Fill in each blank with the correct term.

In self-attention, the three learned projections are Query, Key, and . The scores are normalized with a function to produce attention weights that sum to one.

Why Transformers Transformed the Field

Three properties explain the Transformer's dominance. Full parallelism: Self-attention computes all pairwise interactions simultaneously. The entire sequence is processed in one matrix multiplication, not T sequential steps. This maps perfectly to GPU and TPU hardware, enabling training on datasets orders of magnitude larger than were practical for RNNs. Direct long-range connections: In an RNN, information from position 1 must pass through T-1 hidden states to reach position T. In a Transformer, position 1 attends directly to position T in a single layer. Long-range dependencies are no harder to learn than short-range ones. Scalability: Transformers improve predictably as you increase model size, data, and compute — a property empirically documented in scaling laws. GPT-3 (175 billion parameters) showed that simply scaling a decoder Transformer produced emergent capabilities that smaller models lacked. This encouraged the push to ever-larger models. The cost is quadratic: computing attention between all pairs in a sequence of length n requires O(n^2) operations and O(n^2) memory. For n=512 this is fine; for n=100,000 (long documents, high-resolution images) it becomes prohibitive. Active research (sparse attention, linear attention approximations, state-space models) addresses this.

Transformers Are Not Free

Training a large Transformer from scratch requires thousands of GPU-hours and megawatts of energy. The quadratic attention cost limits context length. And despite their power, Transformers do not inherently understand the world — they learn statistical patterns in data and can generate fluent, confident text that is factually wrong. Capability does not equal reliability.

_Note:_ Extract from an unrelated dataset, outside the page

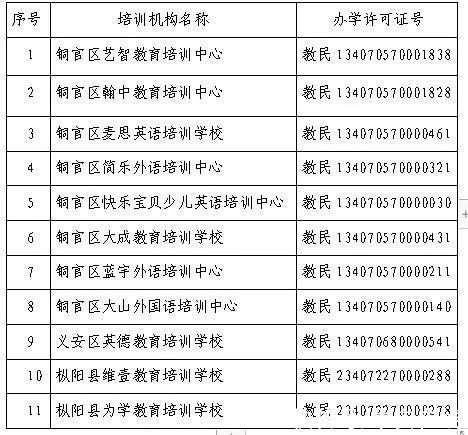 安徽|学科类培训机构白名单！安徽3市公布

Why does multi-head attention use several independent attention operations rather than one large one?

A decoder-only Transformer generating text uses causal masking. What does this prevent, and why is it necessary for text generation?

Attention Weight Interpretation

  1. Step 1. Write this sentence on paper: 'The trophy did not fit in the suitcase because it was too big.'
  2. Step 2. The word 'it' is ambiguous. Does it refer to 'trophy' or 'suitcase'? Resolve it by reading the sentence.
  3. Step 3. Imagine you are a self-attention head trying to resolve 'it'. Write a list of the other words you would give high attention weight to, and justify each choice.
  4. Step 4. Now consider the sentence: 'The trophy did not fit in the suitcase because it was too small.' Which word does 'it' refer to now? What changed in your attention weights?
  5. Step 5. This task — coreference resolution — is one that BERT-like models solve via attention. Discuss: what does your analysis suggest about what an attention head must 'learn' to resolve pronouns correctly?